Weil die Herstellung von Unterrichtsdisziplin nicht erreicht wird, die Heranwachsenden dieses Chaos selber als unangenehm finden, ist ihnen eine Ausbildung ein Graus, die nicht einübt, wie man Disziplin herstellt. Und Hochschullehrende und Fachleiter, die dieses nicht vormachen können, sind abschreckende Beispiele. Oder?

„Lehrer wird, wer Vorbild für Schüler und aktiver Gestalter von Lernprozessen sein möchte“

Auch in der Unterrichtsgestaltung gibt es – ob man Lehrer werden will oder nicht – ein paar Favoriten:

  • „Wir können selber was experimentieren und ausprobieren.“
  • „Wir diskutieren in der ganzen Klasse, der Lehrer nimmt Schüler dran, die sich gemeldet haben.“
  • „Partnerarbeit – wir müssen mit unserem Sitznachbarn Aufgaben bearbeiten.“

Ganz unangenehm werden die folgenden Corona-typischen Methoden gefunden:

  • „Wir müssen zuhause arbeiten (Hausaufgaben)“
  • „Einzelarbeit mit Arbeitsblatt – wir lösen Aufgaben alleine“
  • „Wir lesen einen Text, der anschließend besprochen wird. Lehrer stellt dazu Fragen.“

Allerdings – entgegen unseren Erwartungen- differenziert die Vorliebe für Unterrichtsmethoden nicht zwischen Lehramtswilligen und Ablehnern.

Entgegen dem Zeitgeist dominieren bei den 17-jährigen Lehramtsinteressenten Sätze wie „Der Lehrer als Vorbild für Schüler“ (Note 1,5) (als Rollenbezeichnung) oder „Der Lehrer als aktiver Gestalter von Lernprozessen“(Note: 1,8) statt als „Moderator selbstgesteuerter Lernprozesse“ (Note: 2,5).

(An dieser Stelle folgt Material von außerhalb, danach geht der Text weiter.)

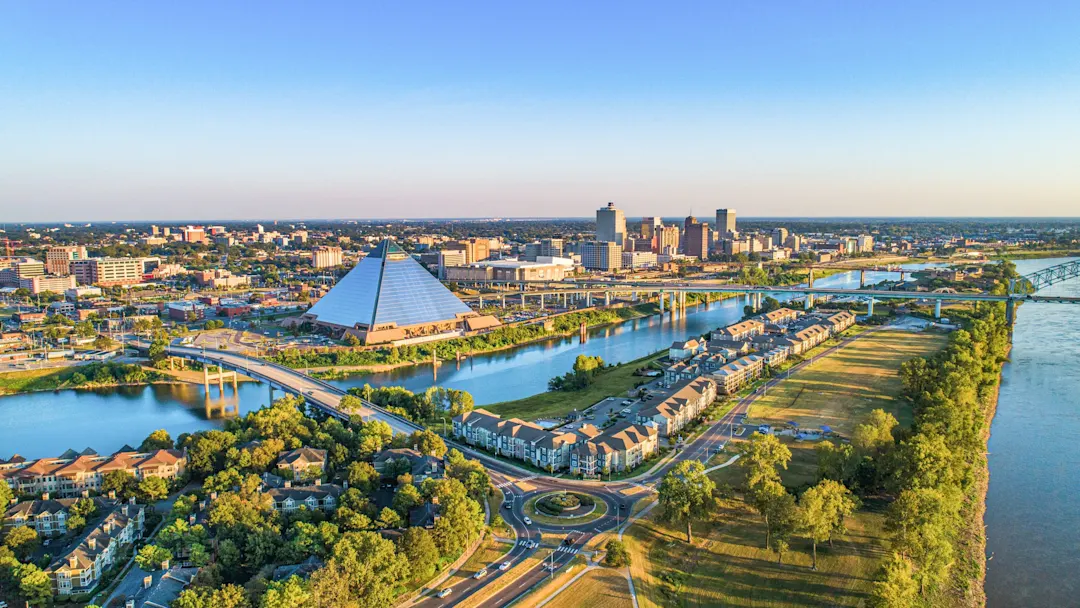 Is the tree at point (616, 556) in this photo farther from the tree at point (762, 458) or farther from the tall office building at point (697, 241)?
the tall office building at point (697, 241)

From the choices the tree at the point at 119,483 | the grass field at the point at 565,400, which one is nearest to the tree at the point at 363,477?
the tree at the point at 119,483

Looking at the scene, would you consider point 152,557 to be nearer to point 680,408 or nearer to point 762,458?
point 762,458

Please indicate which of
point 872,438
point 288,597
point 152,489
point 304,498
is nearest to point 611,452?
point 872,438

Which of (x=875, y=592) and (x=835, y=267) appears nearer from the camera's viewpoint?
(x=875, y=592)

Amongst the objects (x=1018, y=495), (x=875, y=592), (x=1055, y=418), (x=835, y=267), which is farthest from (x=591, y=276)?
(x=875, y=592)

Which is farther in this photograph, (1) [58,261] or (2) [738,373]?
(1) [58,261]

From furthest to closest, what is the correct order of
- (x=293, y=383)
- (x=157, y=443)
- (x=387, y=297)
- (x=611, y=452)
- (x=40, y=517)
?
(x=387, y=297) < (x=293, y=383) < (x=157, y=443) < (x=611, y=452) < (x=40, y=517)

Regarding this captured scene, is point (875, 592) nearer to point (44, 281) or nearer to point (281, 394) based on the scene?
point (281, 394) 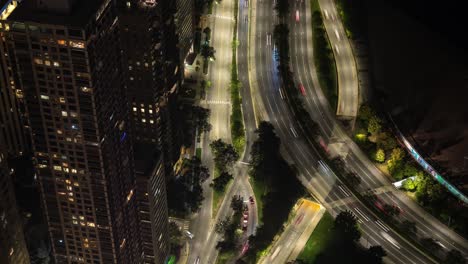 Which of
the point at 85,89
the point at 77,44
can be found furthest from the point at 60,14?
the point at 85,89

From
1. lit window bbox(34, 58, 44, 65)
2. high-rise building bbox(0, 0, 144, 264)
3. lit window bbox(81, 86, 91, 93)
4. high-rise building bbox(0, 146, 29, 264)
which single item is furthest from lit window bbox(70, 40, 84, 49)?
high-rise building bbox(0, 146, 29, 264)

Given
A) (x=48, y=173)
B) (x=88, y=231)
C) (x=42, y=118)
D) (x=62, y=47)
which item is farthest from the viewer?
(x=88, y=231)

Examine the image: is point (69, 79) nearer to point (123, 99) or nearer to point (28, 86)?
point (28, 86)

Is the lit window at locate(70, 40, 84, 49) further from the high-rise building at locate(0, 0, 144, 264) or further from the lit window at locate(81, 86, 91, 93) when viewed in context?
the lit window at locate(81, 86, 91, 93)

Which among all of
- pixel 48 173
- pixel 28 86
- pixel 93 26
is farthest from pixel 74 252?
pixel 93 26

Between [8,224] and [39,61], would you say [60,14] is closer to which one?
[39,61]

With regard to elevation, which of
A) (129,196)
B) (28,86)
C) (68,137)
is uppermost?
(28,86)

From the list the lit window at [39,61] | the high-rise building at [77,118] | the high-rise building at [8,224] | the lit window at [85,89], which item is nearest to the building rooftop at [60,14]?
the high-rise building at [77,118]
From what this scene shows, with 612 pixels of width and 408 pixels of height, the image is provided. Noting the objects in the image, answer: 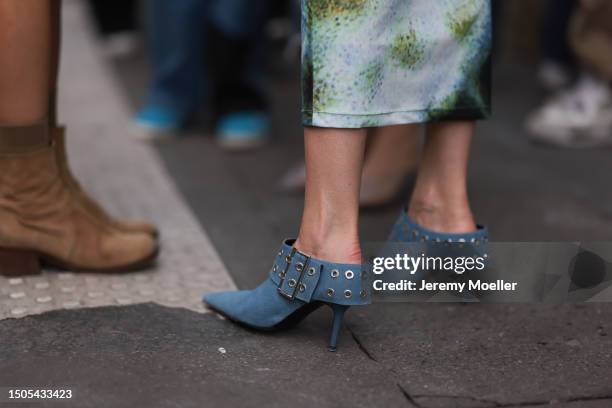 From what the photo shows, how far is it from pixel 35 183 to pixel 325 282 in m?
0.70

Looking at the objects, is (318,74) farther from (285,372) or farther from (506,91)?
(506,91)

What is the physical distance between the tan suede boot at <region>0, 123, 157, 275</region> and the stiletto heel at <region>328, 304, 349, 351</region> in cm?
56

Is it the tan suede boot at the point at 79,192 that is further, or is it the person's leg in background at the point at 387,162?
the person's leg in background at the point at 387,162

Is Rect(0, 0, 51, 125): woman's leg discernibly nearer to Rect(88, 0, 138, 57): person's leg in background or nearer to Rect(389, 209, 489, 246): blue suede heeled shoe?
Rect(389, 209, 489, 246): blue suede heeled shoe

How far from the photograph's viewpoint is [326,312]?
1.99 m

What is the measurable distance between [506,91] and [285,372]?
254 centimetres

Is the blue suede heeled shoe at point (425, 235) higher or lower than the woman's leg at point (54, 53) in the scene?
lower

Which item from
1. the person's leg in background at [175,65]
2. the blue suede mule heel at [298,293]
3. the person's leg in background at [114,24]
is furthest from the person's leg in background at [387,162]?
the person's leg in background at [114,24]

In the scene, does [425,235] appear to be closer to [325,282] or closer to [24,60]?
[325,282]

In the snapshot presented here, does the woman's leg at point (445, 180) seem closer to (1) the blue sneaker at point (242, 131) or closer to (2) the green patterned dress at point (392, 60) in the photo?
(2) the green patterned dress at point (392, 60)

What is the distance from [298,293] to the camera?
1.73m

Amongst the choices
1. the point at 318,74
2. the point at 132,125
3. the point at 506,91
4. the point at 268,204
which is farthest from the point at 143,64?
the point at 318,74

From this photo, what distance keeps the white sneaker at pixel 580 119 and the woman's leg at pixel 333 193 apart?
69.4 inches

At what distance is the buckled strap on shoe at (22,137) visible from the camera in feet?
6.43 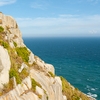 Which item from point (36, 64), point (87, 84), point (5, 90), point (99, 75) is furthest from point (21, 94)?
point (99, 75)

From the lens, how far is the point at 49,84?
135ft

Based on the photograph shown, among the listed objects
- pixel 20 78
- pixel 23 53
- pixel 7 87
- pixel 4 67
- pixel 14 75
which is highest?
pixel 23 53

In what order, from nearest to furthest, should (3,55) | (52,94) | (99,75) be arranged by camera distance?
(3,55) → (52,94) → (99,75)

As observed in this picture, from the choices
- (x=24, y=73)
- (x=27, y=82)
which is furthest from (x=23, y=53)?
(x=27, y=82)

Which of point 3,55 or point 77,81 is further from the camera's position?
point 77,81

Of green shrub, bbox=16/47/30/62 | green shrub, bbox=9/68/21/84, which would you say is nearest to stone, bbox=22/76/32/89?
green shrub, bbox=9/68/21/84

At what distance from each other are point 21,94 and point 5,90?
2804mm

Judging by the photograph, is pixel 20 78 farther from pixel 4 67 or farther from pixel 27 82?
pixel 4 67

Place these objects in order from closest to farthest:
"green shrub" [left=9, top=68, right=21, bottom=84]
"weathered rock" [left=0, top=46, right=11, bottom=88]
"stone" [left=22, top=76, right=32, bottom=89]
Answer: "weathered rock" [left=0, top=46, right=11, bottom=88], "green shrub" [left=9, top=68, right=21, bottom=84], "stone" [left=22, top=76, right=32, bottom=89]

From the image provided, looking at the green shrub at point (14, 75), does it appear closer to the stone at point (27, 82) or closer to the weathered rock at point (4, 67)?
the weathered rock at point (4, 67)

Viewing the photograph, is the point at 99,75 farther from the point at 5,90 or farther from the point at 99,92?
the point at 5,90

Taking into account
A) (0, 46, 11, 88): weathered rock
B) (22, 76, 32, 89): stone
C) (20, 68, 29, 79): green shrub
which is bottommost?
(22, 76, 32, 89): stone

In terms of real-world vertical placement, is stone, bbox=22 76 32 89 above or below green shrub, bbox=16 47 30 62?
below

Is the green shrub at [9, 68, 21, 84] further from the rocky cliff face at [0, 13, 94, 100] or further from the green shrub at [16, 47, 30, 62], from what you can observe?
the green shrub at [16, 47, 30, 62]
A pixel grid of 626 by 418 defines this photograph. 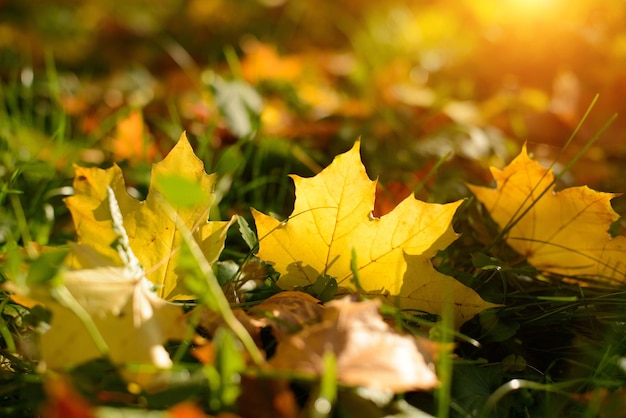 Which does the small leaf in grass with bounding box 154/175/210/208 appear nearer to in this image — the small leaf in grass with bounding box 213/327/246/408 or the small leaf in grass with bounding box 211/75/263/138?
the small leaf in grass with bounding box 213/327/246/408

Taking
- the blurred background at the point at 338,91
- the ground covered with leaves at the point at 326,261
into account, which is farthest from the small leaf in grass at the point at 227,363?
the blurred background at the point at 338,91

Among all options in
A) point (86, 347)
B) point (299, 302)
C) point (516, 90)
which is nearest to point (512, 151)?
point (516, 90)

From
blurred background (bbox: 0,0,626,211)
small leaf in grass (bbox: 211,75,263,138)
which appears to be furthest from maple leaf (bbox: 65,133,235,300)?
small leaf in grass (bbox: 211,75,263,138)

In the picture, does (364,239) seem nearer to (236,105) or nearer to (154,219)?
(154,219)

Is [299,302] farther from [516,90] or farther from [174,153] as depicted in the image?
[516,90]

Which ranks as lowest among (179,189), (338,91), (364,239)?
(338,91)

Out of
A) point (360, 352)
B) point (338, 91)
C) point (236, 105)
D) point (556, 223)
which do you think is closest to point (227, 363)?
point (360, 352) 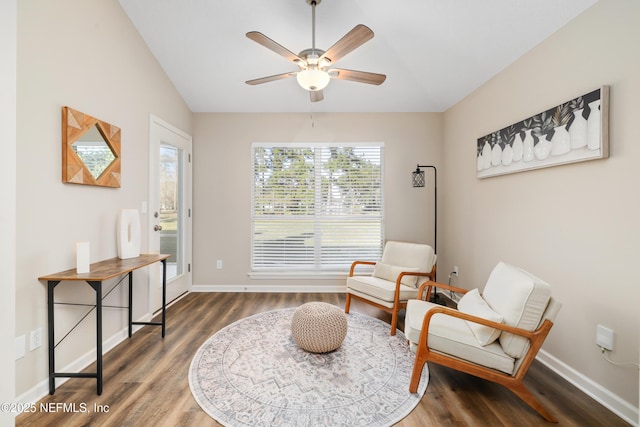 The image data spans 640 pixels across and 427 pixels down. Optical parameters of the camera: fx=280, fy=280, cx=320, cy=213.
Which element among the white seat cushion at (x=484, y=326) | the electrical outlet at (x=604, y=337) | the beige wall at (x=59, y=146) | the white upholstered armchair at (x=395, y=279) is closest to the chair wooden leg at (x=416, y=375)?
the white seat cushion at (x=484, y=326)

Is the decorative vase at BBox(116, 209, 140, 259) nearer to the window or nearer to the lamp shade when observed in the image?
the window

Wir fassen die deutlichen Ergebnisse der Umfrage kurz zusammen:

  • Lehrer wird nicht, wer die eigene Schulzeit negativ erlebt.
  • Wer nicht Lehrer werden möchte, scheut problematische Situationen im Unterricht – will weder schwierige Unterrichtssituationen noch sich als Problemlöser verstehen.
  • Lehrer wird, wer Vorbild für Schüler und aktiver Gestalter von Lernprozessen sein möchte.

Ob LA Nachwuchs oder nicht – von der Zukunft der Schule erwartet der Nachwuchs mehr Schwierigkeiten mit Eltern und mehr schwierige Schüler.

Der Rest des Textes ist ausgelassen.